Deutschland hat nach langer Zeit mal überhaupt kein Glück gehabt bei der Auslosung eines großen Fußballturniers. In der Vorrunden-Gruppe B der Europameisterschafts-Endrunde in Polen und der Ukraine bekommt es die Auswahl des Deutschen Fußball-Bundes mit Portugal, den Niederlanden und Dänemark zu tun. "Ich glaube", sagte Löw, als er sich vor den Kameras ein bisschen gefasst hatte, "das ist die stärkste und ausgeglichenste Gruppe."

Das war ein fachkundiges Urteil. Und Löw hatte natürlich prominente Unterstützer in seiner Einschätzung. Bert van Marwijk, den Coach der Niederländer, zum Beispiel. Der ehemalige Trainer von Borussia Dortmund war allerdings längst schon auf der Suche nach der kleinen positiven Erkenntnis auf Gold gestoßen. "Das ist schwer, aber auch ein Vorteil", erklärte er, "denn wir sind sofort motiviert. Und wir kennen jeden Gegner." Von Deutschlands Qualitäten hat sich seine Auswahl unlängst im Testspiel in Hamburg überzeugen können, das Löws Team mit 3:0 gewann. "Ich habe da Erkenntnisse gewonnen", sagte der Niederländer, "aber ich werde sie nicht verraten."
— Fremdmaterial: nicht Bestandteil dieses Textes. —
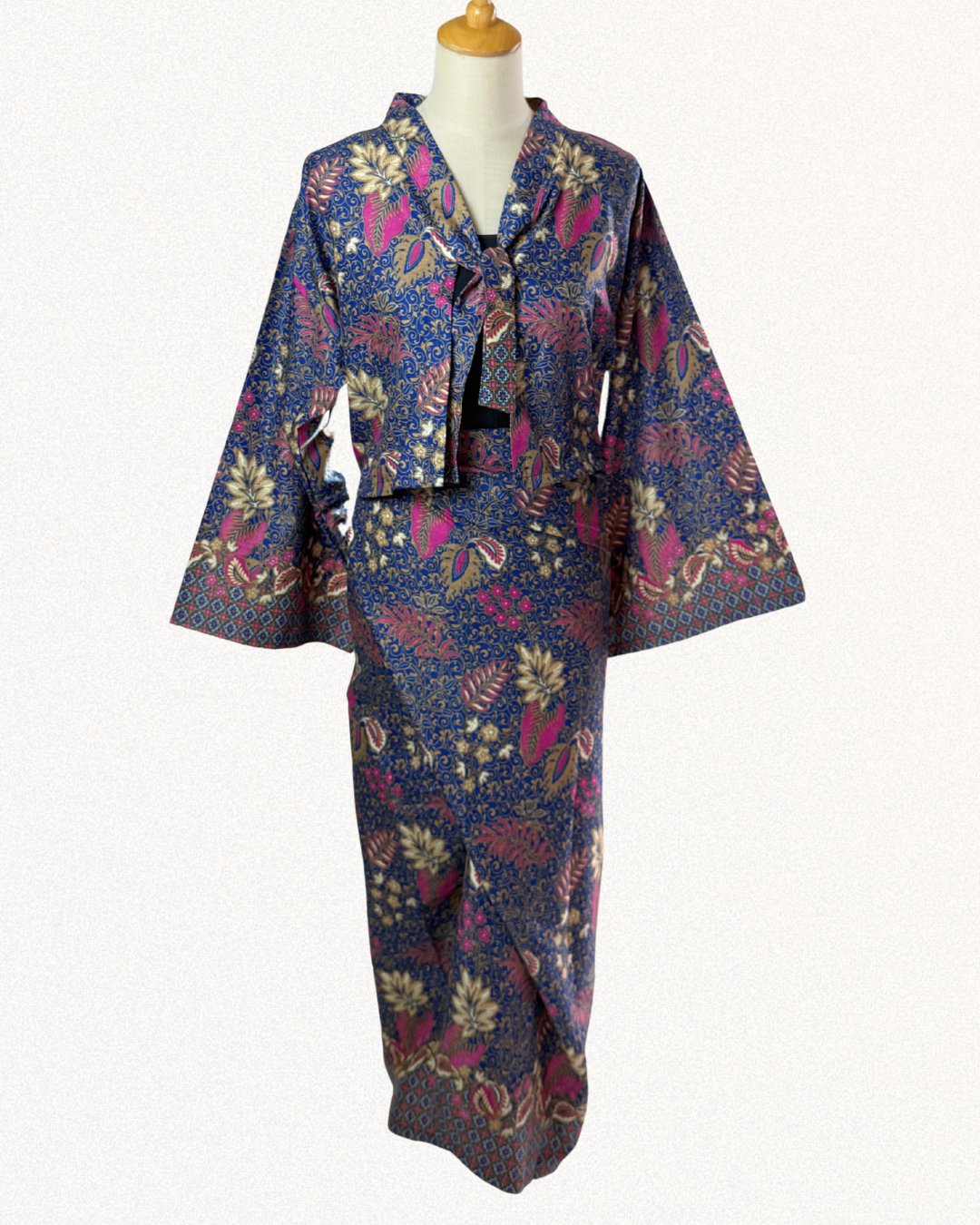 Pareo Skirt & Aien Cardigan - Regal Purple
Zu seinen Einsichten wird gehören, dass seine Mannschaft ohne Rafael van der Vaart, Arjen Robben und Robin van Persie sicher ein bisschen schwächer ist, als die Weltrangliste aussagt. Dort rangiert Holland auf Rang zwei. Und so schätzt Löw diesen sicher besten Gruppengegner auch ein. Das Testspiel sei kein Maßstab für die wahre Stärke des Vizeweltmeisters, sagte Löw, beim EM-Spiel in der Ukraine werde Holland ein ganz anderer Kontrahent sein als in Hamburg.

An Portugal hat Löw ganz gute EM-Erinnerungen. Vor drei Jahren bei der Endrunde in Österreich und der Schweiz machte seine Mannschaft beim 3:2 gegen eine zuvor sehr starke Auswahl Portugals ihr bestes Turnierspiel. Diesmal muss sie sich gegen das Team um den Weltstar Cristiano Ronaldo schon im Auftaktspiel auf Betriebstemperatur bringen. "Der Start in so ein Turnier wird ganz wichtig", stellte der ehemalige Nationalspieler Mehmet Scholl als TV-Experte fest.

Dänemark gilt als Außenseiter dieser Gruppe. Aber auch diese Mannschaft steht hoch in Löws Gunst. "Die Dänen waren immer ein Turnierteam", erklärte der Bundestrainer, "sie arbeiten aus dem Kollektiv und gehen völlig unbelastet in das Turnier. Sie sind gefährlich." Ein Blick in die gemeinsame EM-Geschichte belegt das. Eine Dänen-Elf, die als Nachrücker für Jugoslawien aus dem Urlaub zusammengetrommelt worden war, gewann 1992 das Finale gegen Deutschland. Die Truppe von Berti Vogts war nach allen Regeln der Wissenschaft auf die Endrunde vorbereitet worden.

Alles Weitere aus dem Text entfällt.